One went out of business before they even got close.
And then they brought in, you know, another one that made Antares.
Right.
Which I historically am known to completely hate.
And Rockling, Kistler is a good example of you had to shut down a non-performing entity.
And they barely got away with that, right?
In the history of that, they got pushed back for trying to shut off the contract.
But at the end of the day, you had two successful.
And Tarius is successfully supplying the station, right?
It's doing exactly what they asked it to do.
But it's not going out there like SpaceX and transforming the launch marketplace.
I don't know if they've ever launched.
I don't think they've launched a single other customer, right?
Nope.
And so maybe that's the likely outcome, that you get a NASA,
dependent monopsony, right?
A single buyer market
driving things. And then
SpaceX just happens to be the brainchild
of this uniquely weird
you know, messianic,
billionaire genius
organizer.
As a consequence of it.
Well, I mean, so that's what's like
how much of it, how much of what
we're seeing with SpaceX is
kind of a unique combination of
it's not, because it's not just DMS, it's going
and shot well, right?
Absolutely.
And Hans, yeah, it's like all these really amazing individuals.
And the fact that I haven't seen similar type of performance from commercial companies yet,
you know, again, that's why I say it's an experiment.
I'm trying to, we don't know how this is going to turn out, but I think we should all acknowledge.
We don't know how it's going to turn out, right?
And it's going to be really interesting to see the first payload delivery launches to the moon
coming up later this year with astrobatic and others to see what that's going to work like.
How much failure can we take at once?
And so there's this interesting thing with commercial, to bring this back to the commercial Leo
is we're treating commercial Leo as a given.
It will work, right?
When in reality, we have no idea, right?
There's no, just because SpaceX has done one thing doesn't mean.
mean, it's a logical fallacy to assume that this unrelated orthogonal issue will also then be
successful just because it's a commercial. It may be, but we have to be aware that it could fail
and then what's the plan? Yeah, there's just no data behind it. The way that I'd put it is that all of
all of the success of these SpaceX elements of the industry have been when SpaceX is going in a
direction that happens to work for something that NASA or Space Force or whoever it is, they want
something similar to that. So SpaceX sees it as a viable mechanism to help them get from where they are
to where they're going. Whatever NASA wants to do, if they want to go to the moon, cool, but that's not
where SpaceX is heading, but they can fly there too. So that works. If the space development agency
wants to make a constellation of satellites, it's not the kind that we want to make, but it does
help us make a couple of extra satellites off the production line. So toss the contract on board.
So the only hope that I have there, when I use that frame to look at commercial Leo, is that Blue Origin
has such internally driven desire to create some infrastructure in low Earth orbit
that the thing that NASA wants is close enough to that path that helps them be successful in that
way because it's the thing that they want internally.
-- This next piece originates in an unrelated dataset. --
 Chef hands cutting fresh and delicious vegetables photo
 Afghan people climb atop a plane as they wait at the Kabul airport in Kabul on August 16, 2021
And so, like, is it the internal function of SpaceX that makes them successful?
Absolutely.
But it's also the fact that they're on a mission that is well-defined, and they have a really
good insight as to what things can we capture that are close enough that help us, you know,
put a little extra fuel in the tank for that.
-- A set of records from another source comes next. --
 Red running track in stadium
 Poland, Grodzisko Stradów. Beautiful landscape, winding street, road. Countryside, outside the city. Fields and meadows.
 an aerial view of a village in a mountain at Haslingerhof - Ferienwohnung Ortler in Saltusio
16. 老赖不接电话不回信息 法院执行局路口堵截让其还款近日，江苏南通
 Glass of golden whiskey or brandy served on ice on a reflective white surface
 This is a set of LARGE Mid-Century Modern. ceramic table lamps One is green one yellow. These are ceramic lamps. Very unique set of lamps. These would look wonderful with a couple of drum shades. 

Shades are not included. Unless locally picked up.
Yeah, and to sort of build on that, too.
So we just saw this morning there was,
I think there's the Ascend conference is happening right now or something.
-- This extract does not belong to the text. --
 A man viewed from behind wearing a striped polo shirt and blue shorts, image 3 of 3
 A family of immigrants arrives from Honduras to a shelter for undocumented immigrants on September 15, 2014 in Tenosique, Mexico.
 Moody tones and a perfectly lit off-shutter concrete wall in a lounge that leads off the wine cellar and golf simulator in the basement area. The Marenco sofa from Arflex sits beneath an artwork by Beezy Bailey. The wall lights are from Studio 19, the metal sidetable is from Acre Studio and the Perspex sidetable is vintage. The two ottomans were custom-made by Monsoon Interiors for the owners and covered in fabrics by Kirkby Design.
And so they were talking to intuitive machines.
And they said they had an interest in returning samples from the moon with their landers.
So not just going there, but also coming back with something.
But then it was, you know, I think it was Tim Crane, right?
They said, but we were waiting to find out what NASA would pay for that and how much they want.
And they're like, I'm like, okay, so you don't actually want to bring samples back.
But if NASA was going to buy samples from me, then you do it.
And that sort of demonstrates the line between here's our mission and our goal.
And NASA, if you want to do some side contracts to help us get there, great.
Versus where NASA spends the money, that's where we go, right?
Yeah.
Yeah.
And I should be really clear that I'm really supportive of the experiment, right?
Like even if I sound like I'm being a bit critical.
Like, we know how the other process works, that we were just talking about it, right?
It's just, it is a slow and expensive way to do it.
And if you want to try to do it, and if you want to try to doing lots of things, this is a really fascinating way to do it.
And maybe you will get another outlier.
Maybe you will shift that average, you know, to more SpaceX's, right?
And fewer rocket plane Kistlers.
And so I'm truly supportive of it.
But I think people need to understand that it's not a given.
that we get to that thing, right?
It's a risk.
When the narrative is that commercial wins every time when you say you're excited about the experiment,
you sound like a downary.
Yeah, right.
There's an interesting, there's a selection effect in space stuff where it's like it's,
you want to, it's fundamentally an optimistic field to be in, right?
Like, you have to be optimistic.
Even like the really basics, if I have to assume my understanding of physics is correct,
that I'm going to point my Mars rocket there, even though Mars is over there right now, right?
And they're going to line up and I understand things.
And I'll be around in eight months when it gets there.
And so, yeah, I think, but it's optimism.
You just have to just be tempered by realism, right?
This kind of pragmatic thing.
And this is why I think talking about failure as being an okay outcome.
And that, right, that we have to accept failure if we want this type of stuff to happen.
And it's been interesting in the past that failure hasn't been, it's always punished, right?
If you talk about these incentives, these structural incentives, failure gets you a congressional investigation.
Failure gets you on the front page of the New York Times saying that the country is failing as a technological system.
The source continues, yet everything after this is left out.